EXERCISE AIM: Even if the data beneath seems repetitive, write it all out again exactly.

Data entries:
════════════════

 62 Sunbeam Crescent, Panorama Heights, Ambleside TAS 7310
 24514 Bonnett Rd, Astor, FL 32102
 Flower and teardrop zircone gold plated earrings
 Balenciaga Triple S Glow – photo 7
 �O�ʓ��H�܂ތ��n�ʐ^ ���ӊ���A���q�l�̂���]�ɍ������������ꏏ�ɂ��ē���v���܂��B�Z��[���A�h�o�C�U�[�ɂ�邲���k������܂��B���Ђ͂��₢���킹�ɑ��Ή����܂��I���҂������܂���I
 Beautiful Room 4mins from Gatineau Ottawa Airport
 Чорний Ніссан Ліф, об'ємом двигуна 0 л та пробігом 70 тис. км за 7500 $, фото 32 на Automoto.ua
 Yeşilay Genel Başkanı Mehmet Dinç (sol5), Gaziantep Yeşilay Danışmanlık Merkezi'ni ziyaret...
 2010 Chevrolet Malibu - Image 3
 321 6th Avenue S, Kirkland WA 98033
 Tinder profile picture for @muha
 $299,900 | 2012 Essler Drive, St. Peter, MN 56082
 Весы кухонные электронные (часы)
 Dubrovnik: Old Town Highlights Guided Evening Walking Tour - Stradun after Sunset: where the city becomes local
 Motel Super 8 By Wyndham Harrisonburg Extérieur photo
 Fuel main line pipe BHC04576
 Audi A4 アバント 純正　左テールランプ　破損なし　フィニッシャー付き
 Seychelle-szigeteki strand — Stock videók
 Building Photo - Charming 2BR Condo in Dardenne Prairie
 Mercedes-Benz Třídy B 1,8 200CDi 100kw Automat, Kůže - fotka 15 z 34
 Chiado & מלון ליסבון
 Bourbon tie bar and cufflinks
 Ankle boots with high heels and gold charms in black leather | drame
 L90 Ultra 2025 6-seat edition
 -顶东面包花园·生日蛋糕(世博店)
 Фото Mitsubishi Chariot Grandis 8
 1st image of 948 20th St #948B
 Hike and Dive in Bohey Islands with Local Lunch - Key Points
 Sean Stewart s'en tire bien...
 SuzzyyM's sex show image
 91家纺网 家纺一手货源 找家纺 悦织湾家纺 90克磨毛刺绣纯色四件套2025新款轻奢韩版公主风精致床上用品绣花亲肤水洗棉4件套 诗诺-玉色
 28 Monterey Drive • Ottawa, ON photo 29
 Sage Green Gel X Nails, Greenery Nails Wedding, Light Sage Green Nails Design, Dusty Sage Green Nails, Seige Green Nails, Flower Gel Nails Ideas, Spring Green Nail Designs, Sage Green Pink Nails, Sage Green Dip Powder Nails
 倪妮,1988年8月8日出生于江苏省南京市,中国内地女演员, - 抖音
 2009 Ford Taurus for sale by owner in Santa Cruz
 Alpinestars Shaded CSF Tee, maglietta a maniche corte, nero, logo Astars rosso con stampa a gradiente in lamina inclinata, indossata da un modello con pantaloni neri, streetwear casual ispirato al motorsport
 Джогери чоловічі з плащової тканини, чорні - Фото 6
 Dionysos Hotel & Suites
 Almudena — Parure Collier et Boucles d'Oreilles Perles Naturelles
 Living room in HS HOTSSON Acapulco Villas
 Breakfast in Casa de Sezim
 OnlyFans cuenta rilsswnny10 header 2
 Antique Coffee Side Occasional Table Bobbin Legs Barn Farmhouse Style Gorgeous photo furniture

════════════════

SOLUTION TO THIS PROBLEM:
 62 Sunbeam Crescent, Panorama Heights, Ambleside TAS 7310
 24514 Bonnett Rd, Astor, FL 32102
 Flower and teardrop zircone gold plated earrings
 Balenciaga Triple S Glow – photo 7
 �O�ʓ��H�܂ތ��n�ʐ^ ���ӊ���A���q�l�̂���]�ɍ������������ꏏ�ɂ��ē���v���܂��B�Z��[���A�h�o�C�U�[�ɂ�邲���k������܂��B���Ђ͂��₢���킹�ɑ��Ή����܂��I���҂������܂���I
 Beautiful Room 4mins from Gatineau Ottawa Airport
 Чорний Ніссан Ліф, об'ємом двигуна 0 л та пробігом 70 тис. км за 7500 $, фото 32 на Automoto.ua
 Yeşilay Genel Başkanı Mehmet Dinç (sol5), Gaziantep Yeşilay Danışmanlık Merkezi'ni ziyaret...
 2010 Chevrolet Malibu - Image 3
 321 6th Avenue S, Kirkland WA 98033
 Tinder profile picture for @muha
 $299,900 | 2012 Essler Drive, St. Peter, MN 56082
 Весы кухонные электронные (часы)
 Dubrovnik: Old Town Highlights Guided Evening Walking Tour - Stradun after Sunset: where the city becomes local
 Motel Super 8 By Wyndham Harrisonburg Extérieur photo
 Fuel main line pipe BHC04576
 Audi A4 アバント 純正　左テールランプ　破損なし　フィニッシャー付き
 Seychelle-szigeteki strand — Stock videók
 Building Photo - Charming 2BR Condo in Dardenne Prairie
 Mercedes-Benz Třídy B 1,8 200CDi 100kw Automat, Kůže - fotka 15 z 34
 Chiado & מלון ליסבון
 Bourbon tie bar and cufflinks
 Ankle boots with high heels and gold charms in black leather | drame
 L90 Ultra 2025 6-seat edition
 -顶东面包花园·生日蛋糕(世博店)
 Фото Mitsubishi Chariot Grandis 8
 1st image of 948 20th St #948B
 Hike and Dive in Bohey Islands with Local Lunch - Key Points
 Sean Stewart s'en tire bien...
 SuzzyyM's sex show image
 91家纺网 家纺一手货源 找家纺 悦织湾家纺 90克磨毛刺绣纯色四件套2025新款轻奢韩版公主风精致床上用品绣花亲肤水洗棉4件套 诗诺-玉色
 28 Monterey Drive • Ottawa, ON photo 29
 Sage Green Gel X Nails, Greenery Nails Wedding, Light Sage Green Nails Design, Dusty Sage Green Nails, Seige Green Nails, Flower Gel Nails Ideas, Spring Green Nail Designs, Sage Green Pink Nails, Sage Green Dip Powder Nails
 倪妮,1988年8月8日出生于江苏省南京市,中国内地女演员, - 抖音
 2009 Ford Taurus for sale by owner in Santa Cruz
 Alpinestars Shaded CSF Tee, maglietta a maniche corte, nero, logo Astars rosso con stampa a gradiente in lamina inclinata, indossata da un modello con pantaloni neri, streetwear casual ispirato al motorsport
 Джогери чоловічі з плащової тканини, чорні - Фото 6
 Dionysos Hotel & Suites
 Almudena — Parure Collier et Boucles d'Oreilles Perles Naturelles
 Living room in HS HOTSSON Acapulco Villas
 Breakfast in Casa de Sezim
 OnlyFans cuenta rilsswnny10 header 2
 Antique Coffee Side Occasional Table Bobbin Legs Barn Farmhouse Style Gorgeous photo furniture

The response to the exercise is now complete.